[Entries taken from a collection]
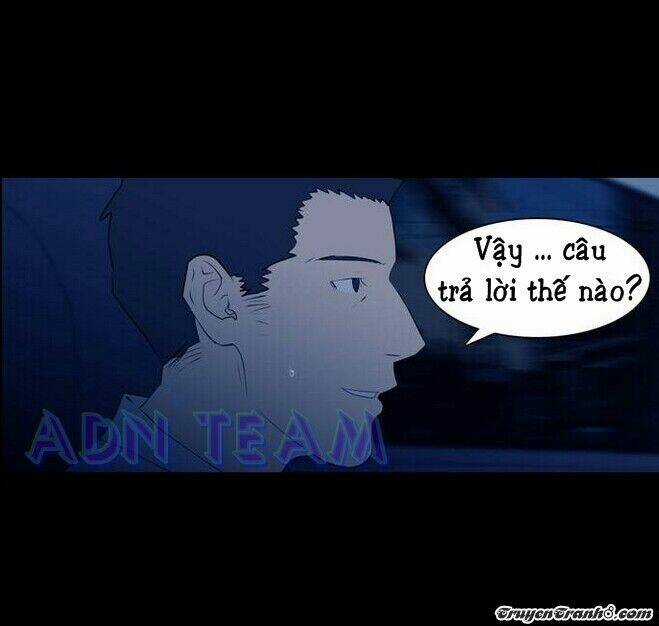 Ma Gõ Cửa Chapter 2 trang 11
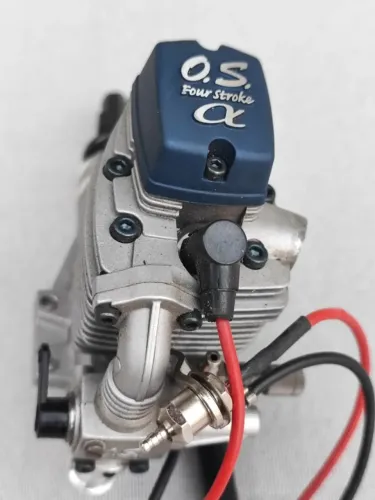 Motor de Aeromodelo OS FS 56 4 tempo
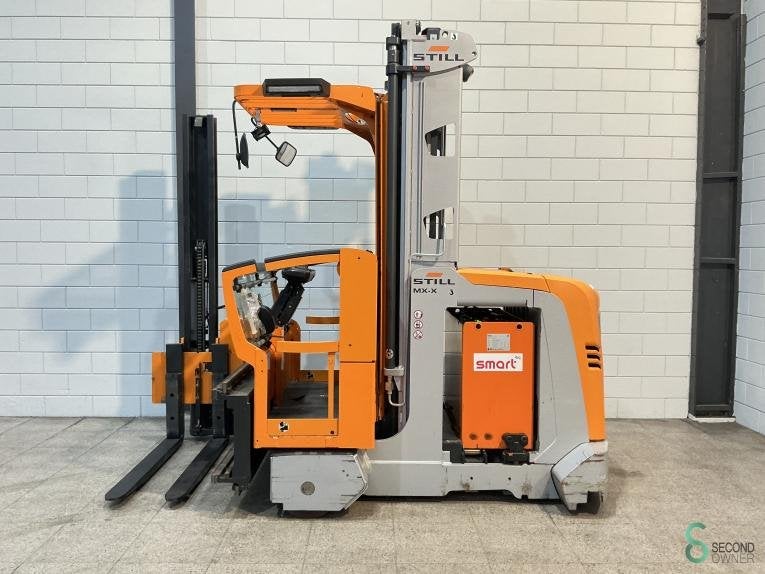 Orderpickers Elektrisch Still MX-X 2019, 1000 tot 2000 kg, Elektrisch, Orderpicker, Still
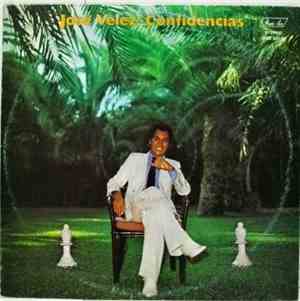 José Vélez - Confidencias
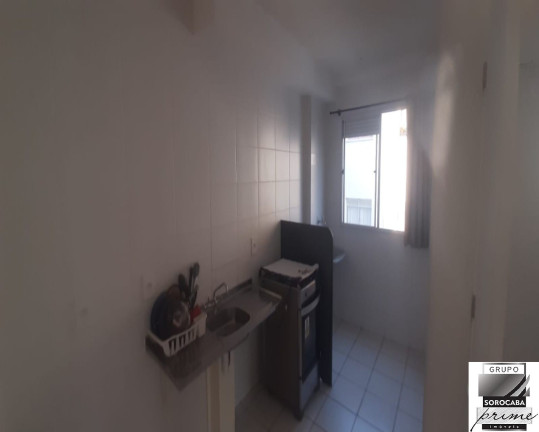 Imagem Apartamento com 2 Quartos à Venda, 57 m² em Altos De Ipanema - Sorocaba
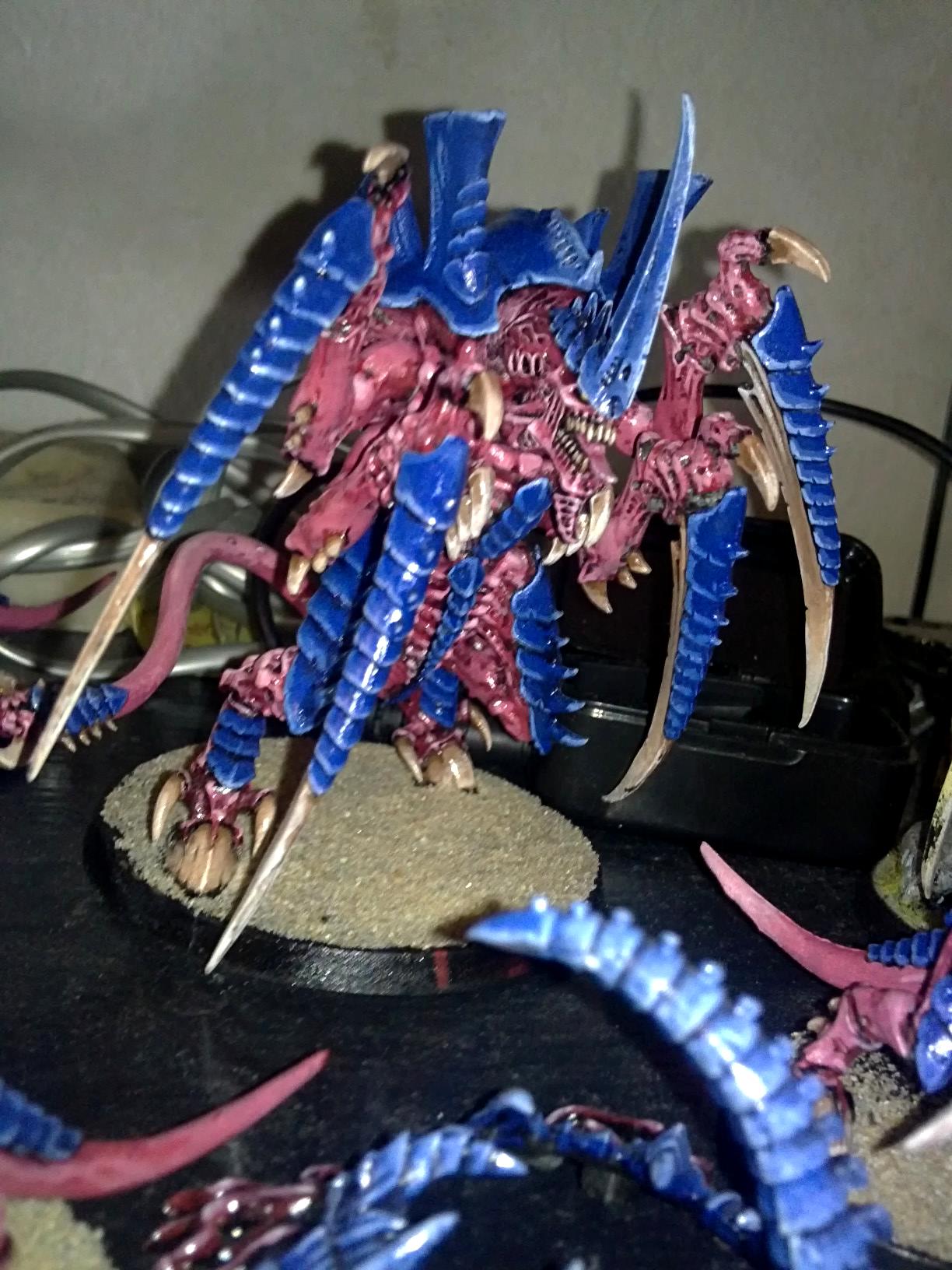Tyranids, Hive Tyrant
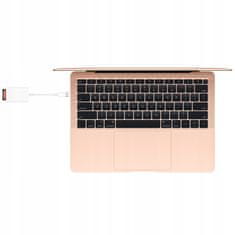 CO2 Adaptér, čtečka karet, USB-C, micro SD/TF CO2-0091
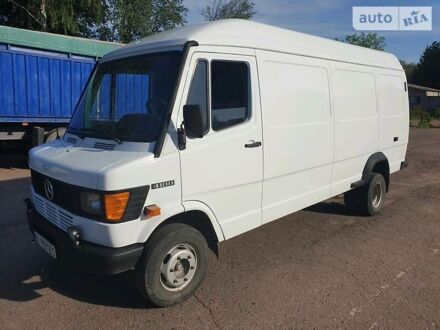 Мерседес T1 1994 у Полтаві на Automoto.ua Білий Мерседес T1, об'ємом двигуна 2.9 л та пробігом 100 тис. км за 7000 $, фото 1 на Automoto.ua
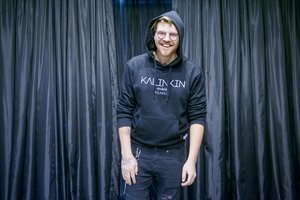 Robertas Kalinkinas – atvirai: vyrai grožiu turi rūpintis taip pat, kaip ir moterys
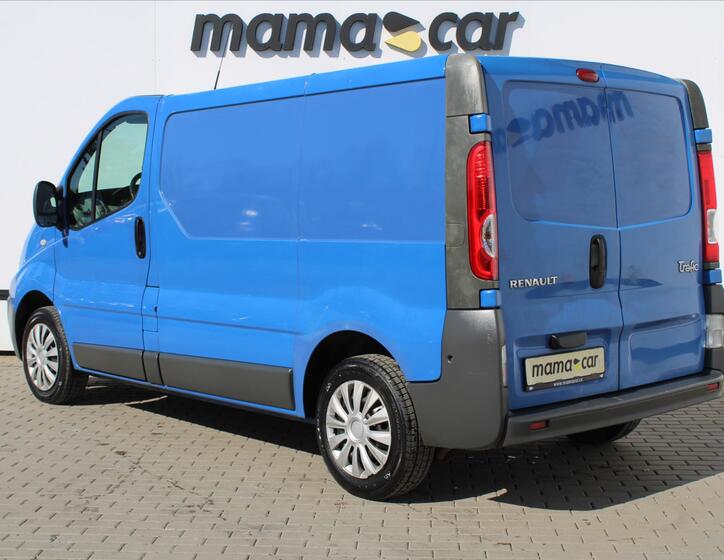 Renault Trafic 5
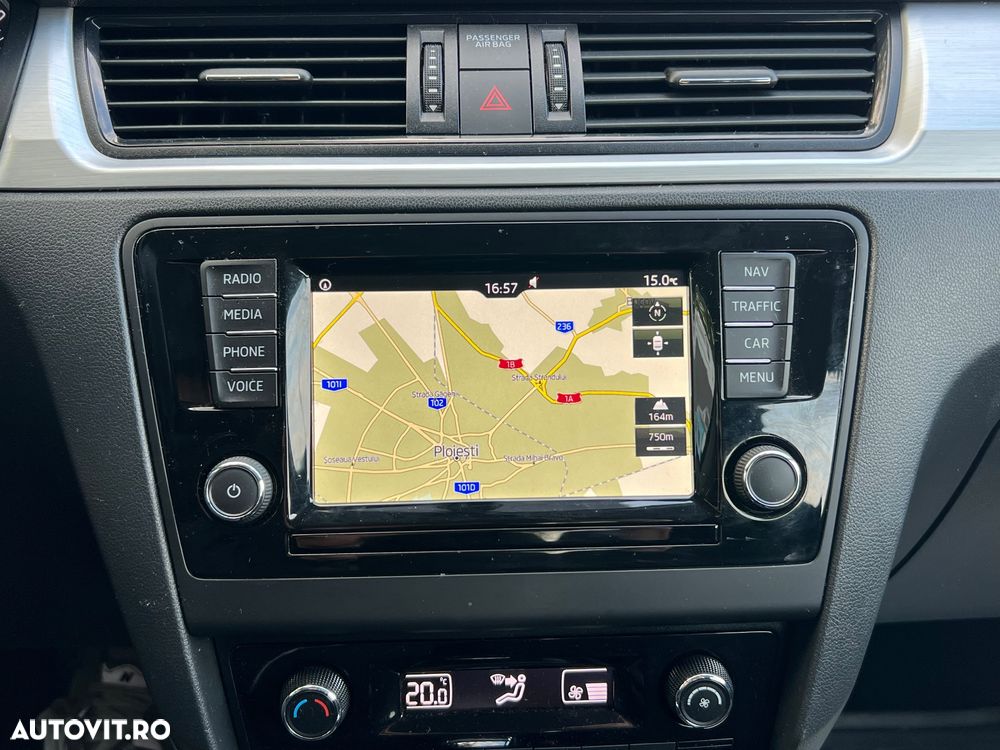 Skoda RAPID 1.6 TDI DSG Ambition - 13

**What is needed**
Exclude the pictures. Write out the remaining data exactly.

**Task answer**
 Ma Gõ Cửa Chapter 2 trang 11
 Motor de Aeromodelo OS FS 56 4 tempo
 Orderpickers Elektrisch Still MX-X 2019, 1000 tot 2000 kg, Elektrisch, Orderpicker, Still
 José Vélez - Confidencias
 Imagem Apartamento com 2 Quartos à Venda, 57 m² em Altos De Ipanema - Sorocaba
Tyranids, Hive Tyrant
 CO2 Adaptér, čtečka karet, USB-C, micro SD/TF CO2-0091
 Мерседес T1 1994 у Полтаві на Automoto.ua Білий Мерседес T1, об'ємом двигуна 2.9 л та пробігом 100 тис. км за 7000 $, фото 1 на Automoto.ua
 Robertas Kalinkinas – atvirai: vyrai grožiu turi rūpintis taip pat, kaip ir moterys
 Renault Trafic 5
 Skoda RAPID 1.6 TDI DSG Ambition - 13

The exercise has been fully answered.